La couverture, tout en discrétion des Éditions du Jasmin ne nous livre pas d’indices pour en savoir davantage. Un petit tour sur leur page Facebook révèle, entre autres, de bien jolis ouvrages destinés à un public enfantin ou adolescent. Et aussi quelques informations sur Eva Dézulier, auteure de ce passionnant « Le fiancé du feu » qui ne leur est pas destiné.
Cette jeune écrivaine, ancienne élève de l’ENS de Lyon est – à ce jour – agrégée de lettres, mère de famille, et enseignante en lycée, non loin de Saint Étienne. Elle réussit, avec ce premier roman, un véritable coup de maître. Difficile en effet, d’en abandonner la lecture avant d’arriver à l’ultime page !
Le texte, agencé en trois parties, comme une tragédie en trois actes, à défaut d’être une pièce de théâtre, pourrait constituer le matériau d’un excellent scénario : silences ; cris ; murmures.
C’est en effet dans les paroles et les non-dits des membres d’une famille que l’autrice va chercher son matériau d’écriture. Emmanuelle, l’une des « voix » du texte, présente tout au long de l’œuvre, veut, dans un souci de transmission à sa propre descendance, reconstituer l’histoire de Juan, grand-père mystérieux et peu connu. Elle s’appuie sur de rares photos, sur les récits et les oublis familiaux. Elle laisse donc la parole à ceux qui ont partagé sa vie : Luis, le frère cadet ; Pili, l’épouse ; Sol, l’amoureuse, même s’ils semblent perdus dans les limbes du passé. Elle colmate les brèches par son intuition imaginative : « Étonnant comme l’esprit humain métamorphose les faits objectifs, et comble tout naturellement les vides du récit. »
Il en résulte un roman polyphonique puissant.
Les premières lignes saisissantes nous montrent Luis, narrateur enfantin de son triste présent, marchant depuis des heures sous un soleil de plomb sur la corniche d’un toit. La punition doit l’amener à dénoncer un camarade. La délation seule interrompra la sanction.
Le ton est donné. Nous sommes dans un pensionnat franquiste des années qui suivent la Seconde Guerre mondiale et les sévices infligés aux enfants des « Rouges » relèvent du crime. À la suite d’une succession de drames familiaux dont la suite du texte nous révélera la teneur, c’est là que vivent depuis plusieurs années, le fragile Luis, chétif et malléable et son magnifique aîné, le fier et orgueilleux Juan, détenteur d’un indicible secret. Si le cadet se réconforte aux chants et aux prières, assimilant à la Vierge Marie une mère dont il a oublié le visage, son aîné ne songe qu’à la fuite. Une opportunité va leur être offerte : leur génitrice, s’étant souvenu de leur existence facilitera leur évasion pour des raisons peu honorables.

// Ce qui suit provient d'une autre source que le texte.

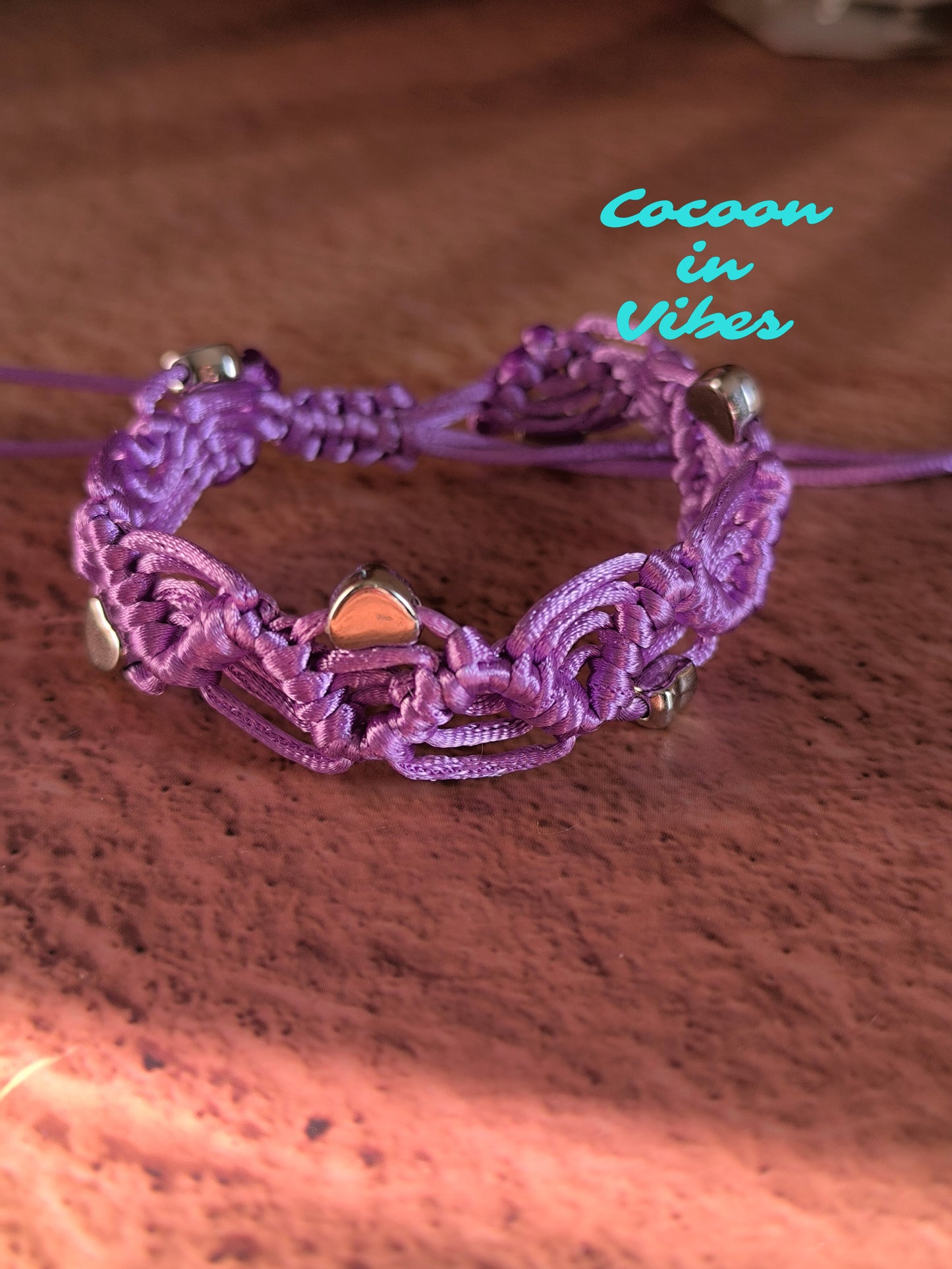 Bracelet Artisanal “Dentelle Satinée" – Parsemé de petits Cœurs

Une traversée des Pyrénées et quelques mois d’esclavage pastoral plus tard, nous les retrouvons dans le décor minier et rural de Decazeville où se dérouleront leurs vies sur la base donnée par leurs caractères, leurs capacités, mais aussi l’interprétation que chacun fait de son passé.
Petite existence médiocre pour Luis, acquis à la dévotion de la mère retrouvée et indigne, modelé lui-même par une religion de péchés, d’interdits, de remords, et de pénitences. Il reproduit sur sa progéniture les maltraitances subies dans sa propre enfance.

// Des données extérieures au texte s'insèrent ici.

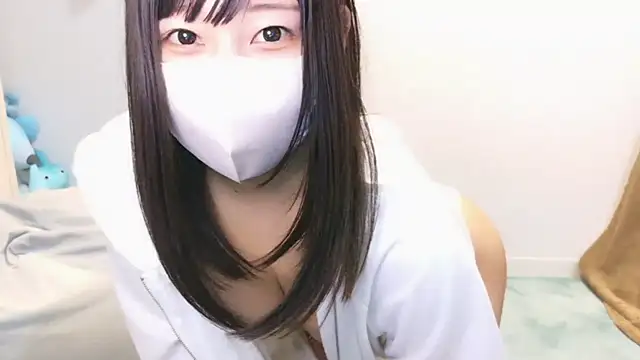Snapshot of YUTSU_KI chatting on 02/23/25, 11:00 YUTSU KI online show from 02/23/25, 11:00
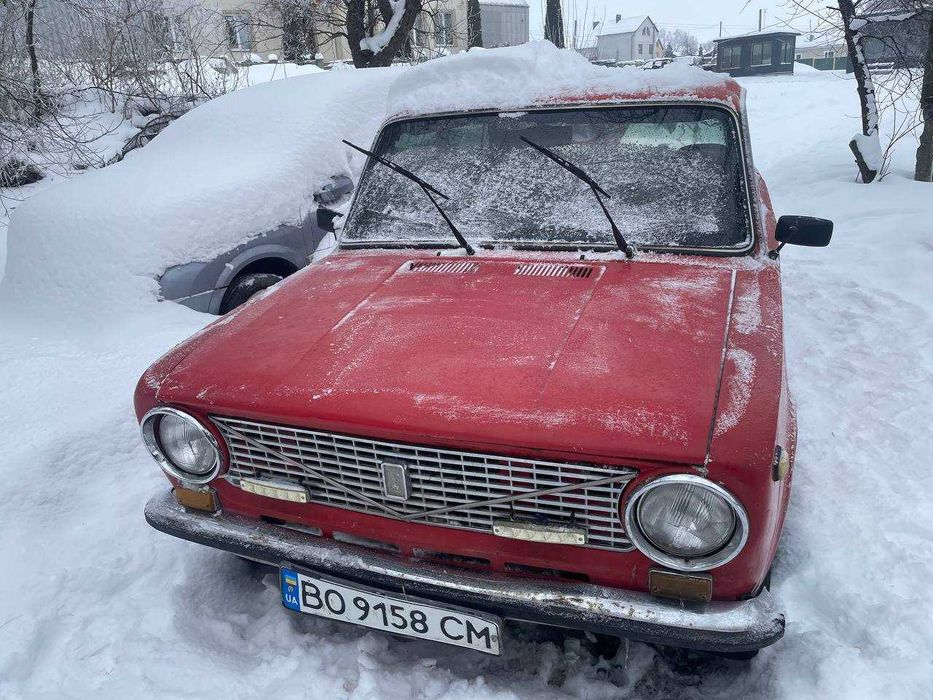 Продаєця ваз 21011. На повному бойовому ходу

Et une indiscutable réussite sociale pour Juan, robuste, entreprenant, porté par la croissance des Trente Glorieuses. Il en affiche les signes ostentatoires de richesse au cœur de sa belle-famille d’immigrés espagnols bruyante et excessive, mais solidaire : la belle maison sur la colline, la grosse voiture, le bateau et la résidence secondaire à la mer…

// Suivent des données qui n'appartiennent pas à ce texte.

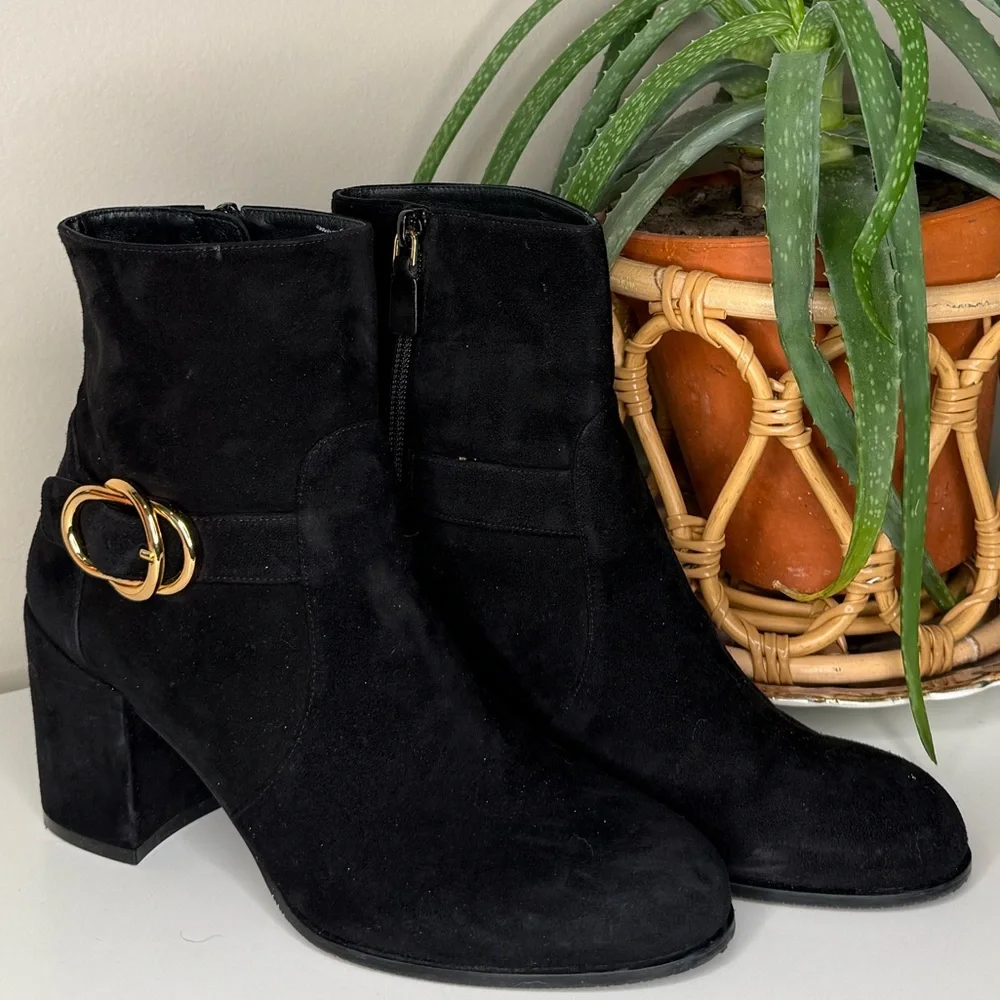 Stuart Weitzman Black Suede Ankle Boots Gold Hardware Block Heel 7.5 - Picture 2 of 13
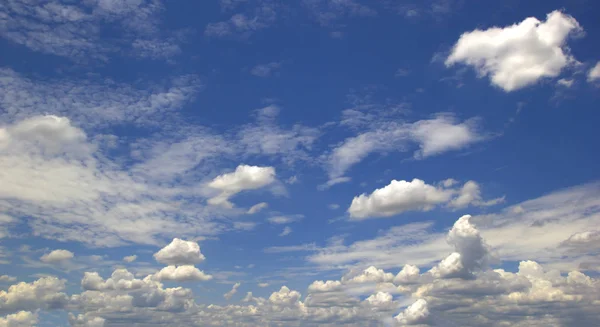 Sininen taivas ja pilvet taivas — kuvapankkivalokuva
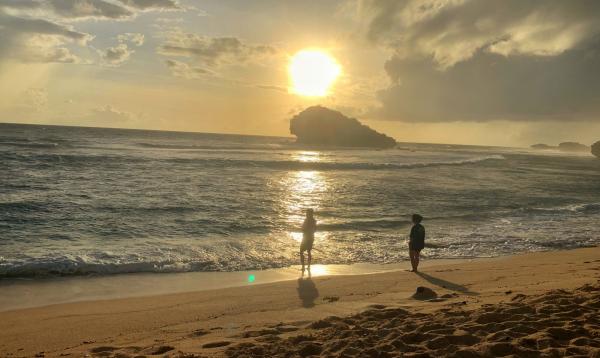 Menikmati Sunset di Pantai Watu Karung Pacitan, Cocok Buat Libur Akhir Pekan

Peu à peu, le point de vue de Luis laisse place à celui de Pili, l’épouse coquette et illettrée, vouée aux tâches domestiques et aux soins des enfants. Et puis de Sol la petite-cousine. L’inoubliable fraîcheur de ses quinze ans va marquer toute la vie de Juan d’une brûlante empreinte et d’une ineffaçable frustration.
La jalousie dévorante de l’une, et le désir irrépressible de la seconde, sont opposés par l’auteure dans deux interprétations différentes du même événement à hauteur des sentiments de chacune. Mais la douleur des deux femmes est poignante même si les causes diffèrent.
Qu’advient-il de ce Juan, qui voulut auprès des siens être une inébranlable présence, le repère paternel qu’il n’avait pas eu ?
Eva Dézulier ne lui accorde que peu la parole, même s’il est le centre des pensées de tous. Pour ses proches, il fut l’homme qui – dans ses moments de loisirs – tordait inlassablement des clous rouillés pour en faire des colliers, chapelets ou couronne d’épines ? Expression douloureuse de son histoire tourmentée et de son impossible résilience ? Mais il reste aussi le patriarche figé dans une image idéalisée.
Peut-être la part sombre de lui-même s’incarne-t-elle, comme un double fantasmé dans l’étrange Claxton qui hante le roman, se glisse dans les évènements familiaux, et semble connaître au cœur de l’intime chaque protagoniste ? Celui qui propose à Sol de l’aider à réaliser son rêve aux États-Unis, devenir actrice et entrer dans la lumière d’une éphémère notoriété. Celui qui ne laissa de son passage qu’une ombre floue sur les photos

Une part de mystère plane sur ce roman, pourtant écrit de façon très réaliste et imagée par Eva Dézulier. Elle adapte son style à la personnalité de chaque narrateur avec une facilité confondante. Elle recrée avec une grande aisance cette atmosphère de petite ville de province, très caractéristique avec ses marchés colorés, ses bals populaires, où on connaît ses voisins et leurs histoires de famille. Et elle n’élude pas ce regard méprisant que l’ancien immigré pose sur le nouvel arrivant.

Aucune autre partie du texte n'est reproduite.